Tsai faces a test in the otherwise pro forma Democratic Progressive Party primary from former premier William Lai, who has refused to rally behind the president and made no bones about his own ambition, after a falling-out with Tsai earlier this year about who should bear responsibility for the DPP’s thumping in November’s regional elections.
Tsai may also be ditched by hardcore advocates of the DPP, as many lament that she has failed to move Taiwan decisively toward independence.
Yet while some see Tsai’s odds of being reelected as on the wane, John Tkacik, a former senior US foreign-service officer posted in both Taipei and Beijing during his career, noted that sources in the State Department have suggested that Washington would still back Tsai in the 2020 presidential race.
Tkacik, now director of the Future Asia Project at the Virginia-based think tank International Assessment and Strategy Center, said US diplomats and strategists see Tsai as the most reliable, sound and intelligent colleague they have ever worked with in Taiwan. And this is a time when the US is seeking to build new Indo-Pacific security partnerships.
He said Tsai had strengthened Washington’s trust and general goodwill to a new level, more than any US administration since Ronald Reagan’s, with top Trump administration officials including Vice President Mike Pence and Secretary of State Michael Pompeo all singing Taiwan’s praises in public.


Tsai’s track record
Tkacik also argued in his column in Taiwanese papers that Tsai’s past track record before becoming president of the self-governed island – as a trade negotiator and later a top legal adviser in the 1990s – make a strong case to convince Washington that another four years for Tsai would be in its best interest.
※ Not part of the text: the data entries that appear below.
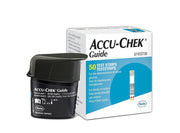 Accu Chek Guide Test Strips 50 Pieces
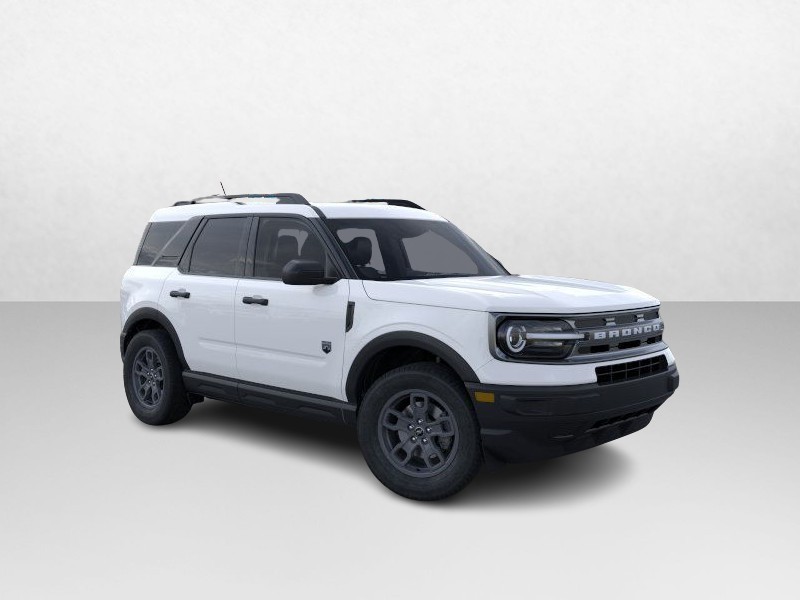 2024 Ford Bronco Sport Big Bend 7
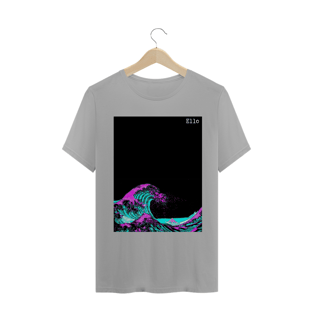 Nome do produtoTshirt Wave Coleção Vaporwave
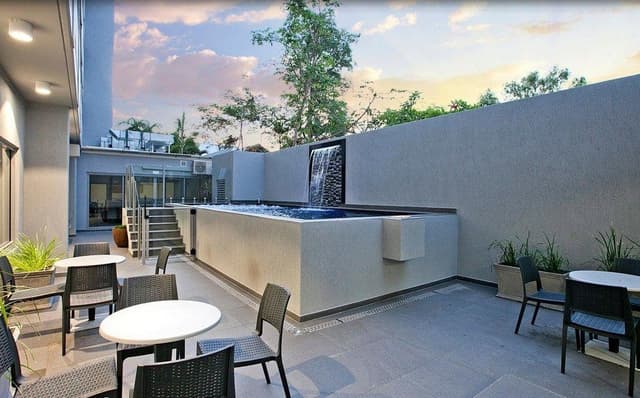 Argus Hotel Darwin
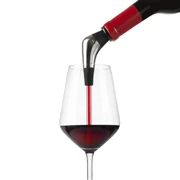 Vacu Vin Nálievka Slow Wine Pourer na zachovanie arómy vína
He revealed that Tsai once pointed out the weaknesses of her US counterparts’ negotiating strategy and made suggestions on how the US team could do better.
Tsai was at that time a law professor at the National Chengchi University, whose mastery of international trade policy made her a top adviser to Taiwan’s central bank and the Ministry of Economic Affairs as Taipei prepared for trade talks with the US delegation in the World Trade Organization.
Crafted state-to-state relationship
Tsai’s official resume shows that, as a pundit in sovereignty and the law of nations with degrees from the National Taiwan University, Cornell and the London School of Economics, she was subsequently selected by then-president Lee Teng-hui in 1998 to head a top legal team to strengthen Taiwan’s status as a sovereign state.
It is said that Tsai proposed to Lee a position for Taiwan’s sovereignty based on West Germany’s two-states doctrine by the then-Chancellor Willi Brandt. Her research outlined gradual stages of constitutional revisions and legal reforms to revise or weed out anachronistic references to “reunification” or “One China” to make way for a “special state-to-state relationship” between Taipei and Beijing.
Lee adopted Tsai’s plan for a process calibrated to ease the reluctant KMT old guard and pro-Beijing factions and minimize their resistance until a sovereign, independent Taiwan could become the mainstream principle, according to Tkacik.
With Tsai’s assistance, Lee first touted the “special state-to-state relationship” formula with “mutually non-subordinate” relations between Taipei and Beijing, during an interview with the German public broadcaster Deutsche Welle in July 1999.
Now Tsai’s vision for “special state-to-state relationship” is back on track during her presidency, as she maneuvers China’s military intimidation to Taiwan’s advantage and aligns the island with Donald Trump’s bid to change America’s strategic passivity in the Indo-Pacific, Tkacik said.